Napoléon, consulté, répondit par son adage accoutumé, que ce n’était point à un incident à gouverner la politique, mais bien à la politique à gouverner les incidents ; que, quelque tort qu’eût cette inepte cour de Rome, le parti à prendre vis-à-vis d’elle demeurait toujours une fort grande question. Qu’il fallait la corriger, mais non pas la détruire ; qu’en renversant le pape et révolutionnant Rome, on aurait infailliblement la guerre avec Naples, ce qu’il fallait, sur toutes choses, éviter. Qu’il fallait ordonner à notre ambassadeur de retourner à Rome demander un exemple des coupables ; exiger qu’une ambassade extraordinaire vînt faire des excuses au Luxembourg ; faire sortir Provera, mettre à la tête des affaires les prélats les plus modérés, et forcer le pape à conclure un concordat avec la république cisalpine, afin que, par toutes ces mesures réunies, Rome tranquille ne pût plus avoir part aux affaires ; que ce concordat avec la Cisalpine aurait de plus l’avantage de préparer de loin les esprits en France à une pareille mesure.
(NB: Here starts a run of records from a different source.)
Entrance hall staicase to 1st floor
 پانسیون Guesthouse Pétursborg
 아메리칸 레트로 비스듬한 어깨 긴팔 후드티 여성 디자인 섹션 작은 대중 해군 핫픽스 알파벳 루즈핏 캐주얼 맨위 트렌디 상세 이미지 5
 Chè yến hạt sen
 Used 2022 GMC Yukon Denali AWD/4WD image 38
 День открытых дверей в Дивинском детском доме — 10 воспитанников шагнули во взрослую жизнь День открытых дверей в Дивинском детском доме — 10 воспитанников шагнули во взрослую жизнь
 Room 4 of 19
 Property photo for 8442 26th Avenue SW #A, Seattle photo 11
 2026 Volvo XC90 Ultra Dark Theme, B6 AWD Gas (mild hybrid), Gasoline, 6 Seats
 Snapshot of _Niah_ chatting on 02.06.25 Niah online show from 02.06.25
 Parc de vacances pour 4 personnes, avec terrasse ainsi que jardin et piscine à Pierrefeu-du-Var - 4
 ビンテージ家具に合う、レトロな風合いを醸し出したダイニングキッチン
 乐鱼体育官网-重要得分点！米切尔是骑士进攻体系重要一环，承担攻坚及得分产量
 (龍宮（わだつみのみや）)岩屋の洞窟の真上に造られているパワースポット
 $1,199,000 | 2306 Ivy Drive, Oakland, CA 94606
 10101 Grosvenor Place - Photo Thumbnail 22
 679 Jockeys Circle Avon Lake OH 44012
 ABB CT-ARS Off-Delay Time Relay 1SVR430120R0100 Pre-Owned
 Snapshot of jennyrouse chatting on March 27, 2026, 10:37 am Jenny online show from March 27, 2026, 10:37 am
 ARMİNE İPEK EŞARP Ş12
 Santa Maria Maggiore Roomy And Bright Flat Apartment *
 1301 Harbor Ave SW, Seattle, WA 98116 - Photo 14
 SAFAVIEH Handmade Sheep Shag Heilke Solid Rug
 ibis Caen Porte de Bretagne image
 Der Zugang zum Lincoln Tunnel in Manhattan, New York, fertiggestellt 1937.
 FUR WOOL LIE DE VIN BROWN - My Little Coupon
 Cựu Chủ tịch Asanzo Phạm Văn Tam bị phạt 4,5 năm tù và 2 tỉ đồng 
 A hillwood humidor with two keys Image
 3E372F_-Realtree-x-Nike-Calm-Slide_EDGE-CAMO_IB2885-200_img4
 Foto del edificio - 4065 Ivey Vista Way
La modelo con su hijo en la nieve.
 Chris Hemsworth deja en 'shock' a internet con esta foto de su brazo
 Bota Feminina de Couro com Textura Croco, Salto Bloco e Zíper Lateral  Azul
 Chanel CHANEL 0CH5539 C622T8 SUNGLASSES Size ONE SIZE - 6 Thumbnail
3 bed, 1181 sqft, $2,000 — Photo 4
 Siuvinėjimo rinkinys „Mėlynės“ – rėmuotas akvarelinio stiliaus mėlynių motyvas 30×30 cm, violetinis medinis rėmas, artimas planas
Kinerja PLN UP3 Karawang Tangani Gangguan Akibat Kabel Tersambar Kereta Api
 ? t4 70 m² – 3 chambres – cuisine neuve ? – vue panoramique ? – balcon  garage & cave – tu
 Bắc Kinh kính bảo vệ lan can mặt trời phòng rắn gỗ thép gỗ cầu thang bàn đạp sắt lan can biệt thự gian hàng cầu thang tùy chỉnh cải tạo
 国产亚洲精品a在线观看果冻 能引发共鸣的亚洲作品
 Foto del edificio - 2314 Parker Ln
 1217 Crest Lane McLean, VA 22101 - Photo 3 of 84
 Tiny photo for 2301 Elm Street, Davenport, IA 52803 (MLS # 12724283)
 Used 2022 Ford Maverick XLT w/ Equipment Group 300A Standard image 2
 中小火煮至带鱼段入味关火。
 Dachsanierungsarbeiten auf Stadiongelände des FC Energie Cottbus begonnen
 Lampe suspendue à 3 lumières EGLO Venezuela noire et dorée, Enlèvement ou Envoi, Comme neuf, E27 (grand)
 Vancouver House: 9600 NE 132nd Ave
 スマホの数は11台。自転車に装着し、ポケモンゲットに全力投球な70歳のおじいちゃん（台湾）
Mais La Reveillère, entouré de ses théophilanthropes, fit décider qu’on marcherait contre le pape. Le temps était venu, disait-il, de faire disparaître cette idole. Le mot d’ailleurs de république romaine suffisait pour transporter toutes les imaginations ardentes de la révolution. Le général français avait été trop circonspect dans le temps ; et si on avait des querelles aujourd’hui avec le pape, c’était uniquement sa faute ; mais peut-être avait-il ses vues particulières. En effet, ses formes civiles, ses ménagements vis-à-vis du pape, sa généreuse compassion pour des prêtres déportés, avaient, dans le temps, fortement frappé les esprits en France.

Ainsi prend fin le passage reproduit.